§ **ABOUT THIS TASK**: The expected output is exactly the lines below, starting at the line with "Lane 1: rat" and ending at the line with "After electrophoresis, proteins", both included; no other line belongs in it.

======== DATA FOR ANALYSIS ========

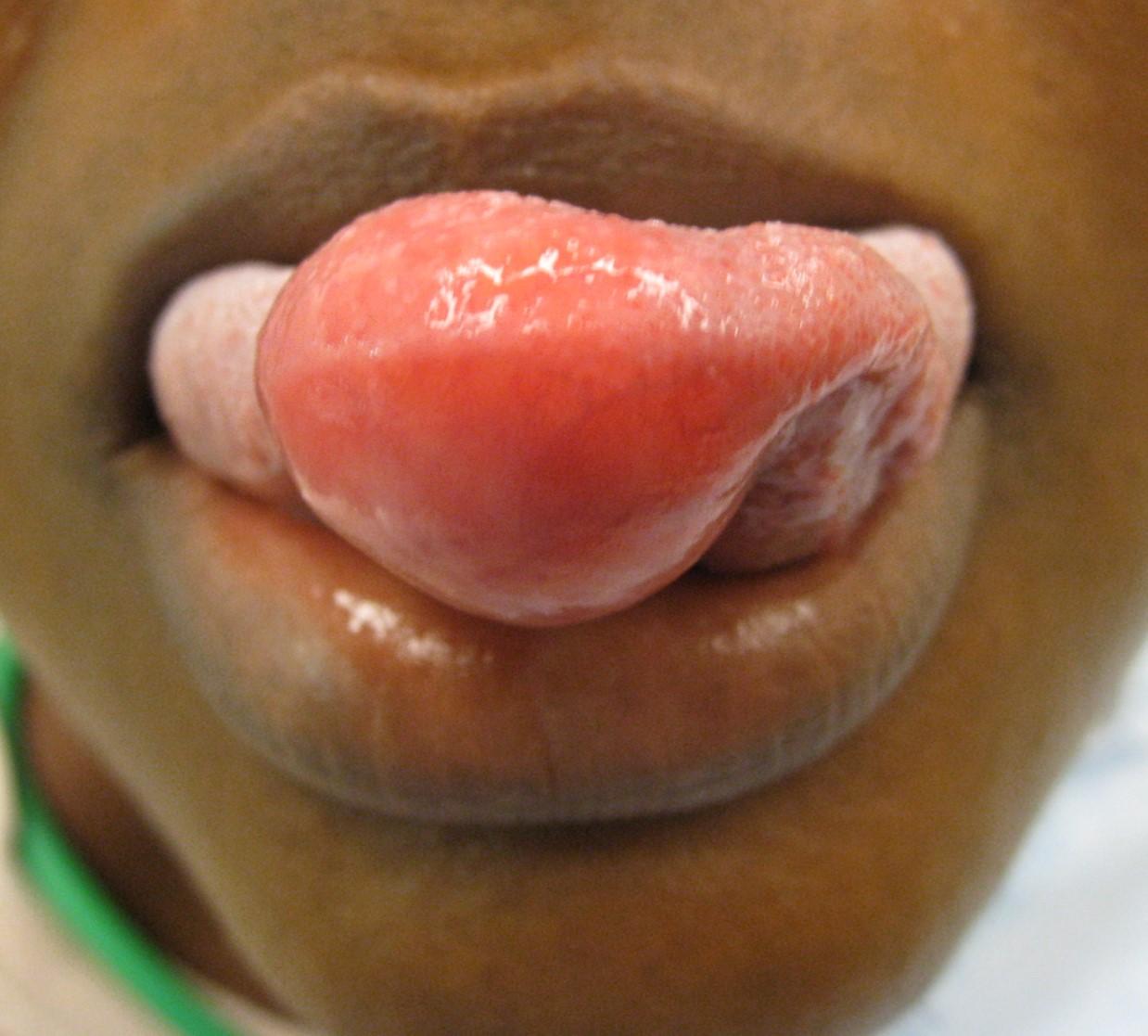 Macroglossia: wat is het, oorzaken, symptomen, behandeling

========
======== DATA FOR ANALYSIS ========

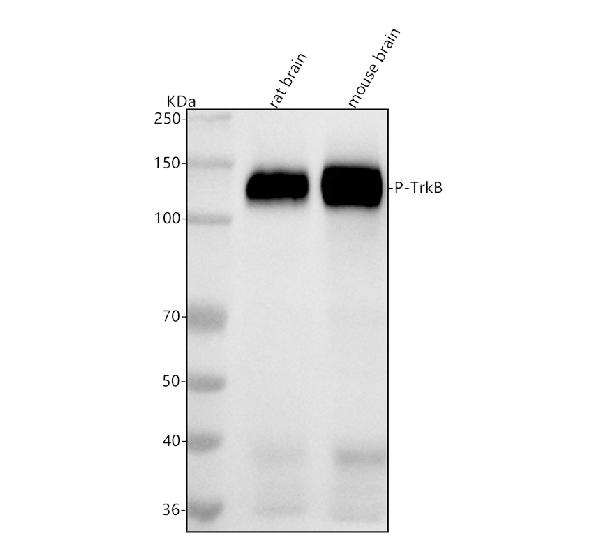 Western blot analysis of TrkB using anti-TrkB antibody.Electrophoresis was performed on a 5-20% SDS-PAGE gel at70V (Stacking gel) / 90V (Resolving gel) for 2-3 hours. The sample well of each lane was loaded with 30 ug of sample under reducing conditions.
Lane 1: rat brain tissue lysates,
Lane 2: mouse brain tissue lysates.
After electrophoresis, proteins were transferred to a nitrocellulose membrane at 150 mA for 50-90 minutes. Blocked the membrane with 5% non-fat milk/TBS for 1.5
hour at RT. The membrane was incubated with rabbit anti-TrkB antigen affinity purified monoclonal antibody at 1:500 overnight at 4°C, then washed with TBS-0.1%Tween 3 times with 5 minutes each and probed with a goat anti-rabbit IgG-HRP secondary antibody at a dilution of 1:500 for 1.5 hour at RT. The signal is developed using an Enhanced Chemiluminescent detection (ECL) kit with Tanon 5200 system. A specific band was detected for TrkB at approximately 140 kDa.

========

§ **WRITTEN ANSWER**:
Lane 1: rat brain tissue lysates,
Lane 2: mouse brain tissue lysates.
After electrophoresis, proteins were transferred to a nitrocellulose membrane at 150 mA for 50-90 minutes. Blocked the membrane with 5% non-fat milk/TBS for 1.5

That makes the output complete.